## [Aim of the exercise]
Transcribe exactly the lines that fall between the one holding "Chirie 2 camere dec Pacurari" and the one holding "BOTTEGA VENETA 男士Sunday便鞋", inclusive, from the entries below.

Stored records
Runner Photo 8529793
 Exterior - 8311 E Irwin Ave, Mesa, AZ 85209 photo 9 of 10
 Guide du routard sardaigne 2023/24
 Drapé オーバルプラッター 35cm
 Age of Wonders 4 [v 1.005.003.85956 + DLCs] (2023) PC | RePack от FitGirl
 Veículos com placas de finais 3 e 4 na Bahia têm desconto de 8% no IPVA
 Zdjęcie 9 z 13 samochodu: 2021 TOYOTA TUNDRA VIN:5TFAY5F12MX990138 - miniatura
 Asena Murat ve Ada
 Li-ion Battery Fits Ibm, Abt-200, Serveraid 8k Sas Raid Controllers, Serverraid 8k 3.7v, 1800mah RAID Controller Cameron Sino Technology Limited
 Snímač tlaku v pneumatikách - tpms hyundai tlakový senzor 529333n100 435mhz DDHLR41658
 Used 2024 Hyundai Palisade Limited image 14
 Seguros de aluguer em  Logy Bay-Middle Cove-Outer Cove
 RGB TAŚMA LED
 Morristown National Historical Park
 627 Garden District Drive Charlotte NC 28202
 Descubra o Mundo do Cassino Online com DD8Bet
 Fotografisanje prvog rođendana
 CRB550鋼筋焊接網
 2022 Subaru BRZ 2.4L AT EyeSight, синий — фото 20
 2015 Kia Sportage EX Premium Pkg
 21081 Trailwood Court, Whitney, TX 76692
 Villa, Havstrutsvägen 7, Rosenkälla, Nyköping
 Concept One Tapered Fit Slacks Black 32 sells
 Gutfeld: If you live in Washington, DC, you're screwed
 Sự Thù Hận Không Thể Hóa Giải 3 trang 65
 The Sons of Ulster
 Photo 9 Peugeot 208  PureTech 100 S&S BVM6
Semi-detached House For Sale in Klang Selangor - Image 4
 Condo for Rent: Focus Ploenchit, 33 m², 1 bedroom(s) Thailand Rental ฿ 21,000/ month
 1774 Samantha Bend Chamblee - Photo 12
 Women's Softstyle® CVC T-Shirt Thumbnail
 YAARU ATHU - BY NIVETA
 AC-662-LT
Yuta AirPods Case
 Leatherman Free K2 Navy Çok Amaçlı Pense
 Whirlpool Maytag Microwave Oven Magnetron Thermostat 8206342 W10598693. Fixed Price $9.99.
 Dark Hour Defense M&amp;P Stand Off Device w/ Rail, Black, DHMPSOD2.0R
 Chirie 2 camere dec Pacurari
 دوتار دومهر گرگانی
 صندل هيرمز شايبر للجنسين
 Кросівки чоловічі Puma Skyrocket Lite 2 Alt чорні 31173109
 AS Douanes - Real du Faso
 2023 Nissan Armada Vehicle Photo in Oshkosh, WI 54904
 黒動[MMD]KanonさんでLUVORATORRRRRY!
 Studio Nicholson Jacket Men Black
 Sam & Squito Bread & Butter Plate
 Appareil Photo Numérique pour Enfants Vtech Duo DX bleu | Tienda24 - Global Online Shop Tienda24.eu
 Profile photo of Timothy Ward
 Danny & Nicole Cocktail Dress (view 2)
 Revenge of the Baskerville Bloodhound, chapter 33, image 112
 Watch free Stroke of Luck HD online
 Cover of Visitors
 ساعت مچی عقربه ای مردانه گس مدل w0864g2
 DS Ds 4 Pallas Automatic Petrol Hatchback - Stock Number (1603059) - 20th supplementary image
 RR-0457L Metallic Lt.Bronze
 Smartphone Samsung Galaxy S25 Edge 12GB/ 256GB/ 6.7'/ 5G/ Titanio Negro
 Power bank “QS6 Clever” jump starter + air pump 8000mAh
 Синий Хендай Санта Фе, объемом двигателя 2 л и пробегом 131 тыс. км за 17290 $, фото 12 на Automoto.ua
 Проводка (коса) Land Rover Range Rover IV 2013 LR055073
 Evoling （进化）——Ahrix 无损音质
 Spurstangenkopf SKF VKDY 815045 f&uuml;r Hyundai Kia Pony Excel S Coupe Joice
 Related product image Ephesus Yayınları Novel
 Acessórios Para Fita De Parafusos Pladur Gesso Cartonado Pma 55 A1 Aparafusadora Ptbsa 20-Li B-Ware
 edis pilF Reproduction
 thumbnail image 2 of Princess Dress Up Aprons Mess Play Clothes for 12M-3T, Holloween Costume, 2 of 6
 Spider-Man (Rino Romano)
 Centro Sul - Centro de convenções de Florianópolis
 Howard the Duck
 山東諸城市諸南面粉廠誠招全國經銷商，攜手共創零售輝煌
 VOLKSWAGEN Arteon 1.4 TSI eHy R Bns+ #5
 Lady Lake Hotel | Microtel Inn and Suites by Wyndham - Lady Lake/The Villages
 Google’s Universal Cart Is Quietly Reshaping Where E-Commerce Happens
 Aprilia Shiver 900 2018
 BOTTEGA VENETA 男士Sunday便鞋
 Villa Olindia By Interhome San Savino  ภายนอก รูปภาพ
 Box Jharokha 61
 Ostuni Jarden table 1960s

## [Answer to the problem]
 Chirie 2 camere dec Pacurari
 دوتار دومهر گرگانی
 صندل هيرمز شايبر للجنسين
 Кросівки чоловічі Puma Skyrocket Lite 2 Alt чорні 31173109
 AS Douanes - Real du Faso
 2023 Nissan Armada Vehicle Photo in Oshkosh, WI 54904
 黒動[MMD]KanonさんでLUVORATORRRRRY!
 Studio Nicholson Jacket Men Black
 Sam & Squito Bread & Butter Plate
 Appareil Photo Numérique pour Enfants Vtech Duo DX bleu | Tienda24 - Global Online Shop Tienda24.eu
 Profile photo of Timothy Ward
 Danny & Nicole Cocktail Dress (view 2)
 Revenge of the Baskerville Bloodhound, chapter 33, image 112
 Watch free Stroke of Luck HD online
 Cover of Visitors
 ساعت مچی عقربه ای مردانه گس مدل w0864g2
 DS Ds 4 Pallas Automatic Petrol Hatchback - Stock Number (1603059) - 20th supplementary image
 RR-0457L Metallic Lt.Bronze
 Smartphone Samsung Galaxy S25 Edge 12GB/ 256GB/ 6.7'/ 5G/ Titanio Negro
 Power bank “QS6 Clever” jump starter + air pump 8000mAh
 Синий Хендай Санта Фе, объемом двигателя 2 л и пробегом 131 тыс. км за 17290 $, фото 12 на Automoto.ua
 Проводка (коса) Land Rover Range Rover IV 2013 LR055073
 Evoling （进化）——Ahrix 无损音质
 Spurstangenkopf SKF VKDY 815045 f&uuml;r Hyundai Kia Pony Excel S Coupe Joice
 Related product image Ephesus Yayınları Novel
 Acessórios Para Fita De Parafusos Pladur Gesso Cartonado Pma 55 A1 Aparafusadora Ptbsa 20-Li B-Ware
 edis pilF Reproduction
 thumbnail image 2 of Princess Dress Up Aprons Mess Play Clothes for 12M-3T, Holloween Costume, 2 of 6
 Spider-Man (Rino Romano)
 Centro Sul - Centro de convenções de Florianópolis
 Howard the Duck
 山東諸城市諸南面粉廠誠招全國經銷商，攜手共創零售輝煌
 VOLKSWAGEN Arteon 1.4 TSI eHy R Bns+ #5
 Lady Lake Hotel | Microtel Inn and Suites by Wyndham - Lady Lake/The Villages
 Google’s Universal Cart Is Quietly Reshaping Where E-Commerce Happens
 Aprilia Shiver 900 2018
 BOTTEGA VENETA 男士Sunday便鞋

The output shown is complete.